## Required work
Produce the lines from the one containing "Med Organic Preshrunk" through the end of the material exactly as they appear, both ends included, and leave the pictures out.

## Information provided
=== Begin Enclosure ===
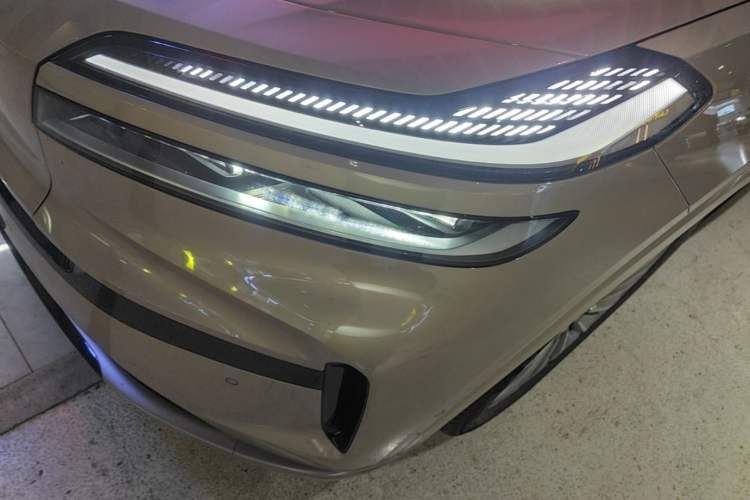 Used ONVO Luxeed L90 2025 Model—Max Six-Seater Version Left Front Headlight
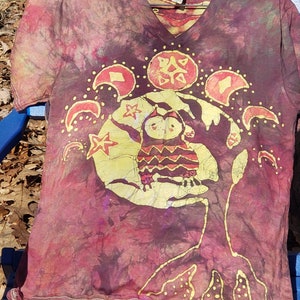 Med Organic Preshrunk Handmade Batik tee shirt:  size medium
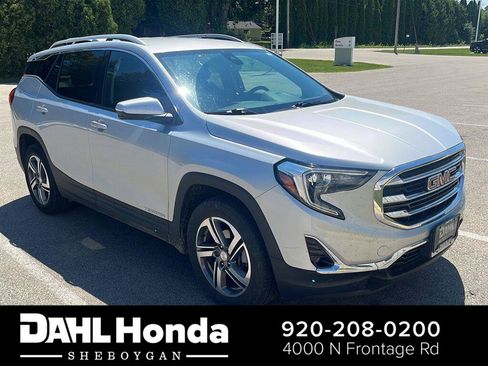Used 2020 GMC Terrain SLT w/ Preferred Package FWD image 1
=== End Enclosure ===
## Solution
 Med Organic Preshrunk Handmade Batik tee shirt:  size medium
Used 2020 GMC Terrain SLT w/ Preferred Package FWD image 1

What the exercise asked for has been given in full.